Like most entrepreneurs, Yasmine Mustafa dreams of creating a transformative product. At 34, she has already launched the Philadelphia chapter of Girl Develop It, a non-profit focused on teaching women web-development skills, and sold her first tech startup. After spending 6 months traveling by herself through South America, she came home ready for a new challenge. “In every hostel and on every bus, I’d hear from women—both locals and travelers—who had been victims of assault,” says Mustafa. After hearing story after story of women being mugged, attacked, and sexually assaulted, she knew she had to do something to address the issue.

Then, a week after Mustafa returned, a woman was raped in her neighborhood. “She was feeding her parking meter when she was grabbed from behind, dragged into an alley, severely beaten, and brutally raped,” she says.

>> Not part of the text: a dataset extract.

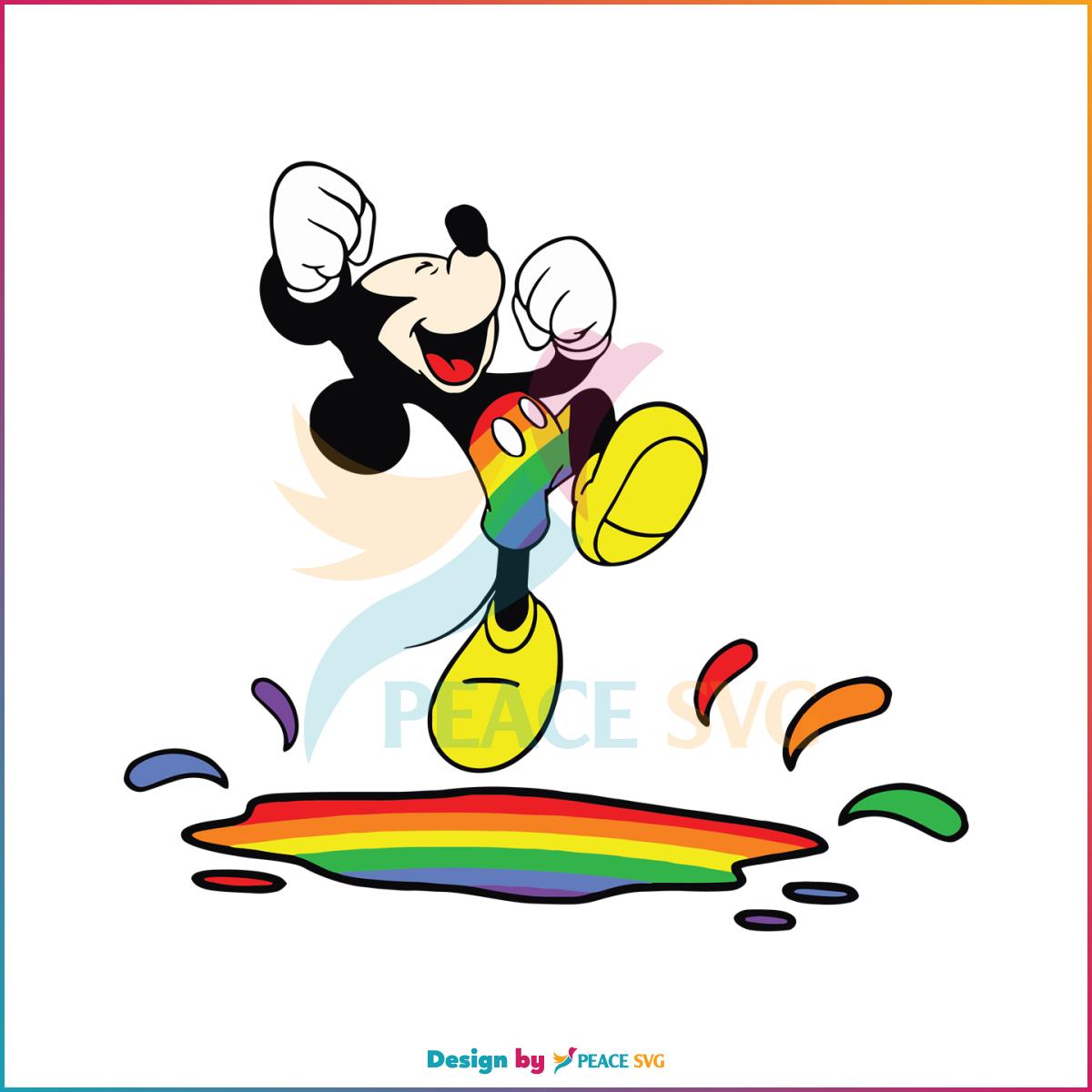 Free Pride Mickey Mouse SVG Disney LGBT Mickey SVG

From all of this came Roar for Good, a startup Mustafa co-founded with fellow entrepreneur Anthony Gold that leverages their backgrounds in technology to make women safer. Roar designs and sells jewelry that double as alert systems in the face of violence or sexual assault. The company’s first product, Athena, is a quarter-sized device worn on a necklace or belt that can, with the push of a button, sound an alarm to alert friends and family when the wearer feels unsafe or is in a dangerous situation. “Athena connects to the user’s smartphone via Bluetooth to send out alert messages with the user’s location,” Mustafa says.

“The unfortunate truth is that every woman knows what it’s like to have the hairs on the back of her neck stand up,” she says. “From modifying their wardrobe to attract less attention to taking the long route home to avoid dark alleys to clutching their phone and keys between their knuckles, women are constantly thinking about what to do in case of danger.” The intent of Athena, she says, is to empower women to break out of this mindset and live their lives boldly.

Along with Athena, Roar for Good is also working to address the root cause of attacks against women. As a B Corporation, the company invests a percentage of its proceeds into non-profits that teach young boys and girls about empathy, consent, and healthy relationships. “Teaching children about empathy and bystander intervention when they’re most impressionable is a key driver in decreasing attacks, harassment, and violence against women,” Mustafa says.

She believes this approach of offering hi-tech safety products while supporting violence-prevention programs can make a real impact. “The long-term goal is to create an environment in which assault is unacceptable and survivors are not afraid to come forward to get justice,” she says. “Our hope is that all women can one day live their lives without any fear of assault, discrimination, or attack of any form.”

Changing the world takes time, a tremendous amount of work, and a ton of support—all of which these women are familiar. “Recent events may have brought activism more to the forefront, but women have been leading social justice initiatives for generations,” says Mustafa. “Their efforts are now more visible through social media, which has also made it easier to identify the ways you can get involved, take action, and then spread the word about what you’re doing.” And that’s a pretty low bar to clear when the task at hand is making the world a better place for women. For real change happen, we need to draw strength from each other.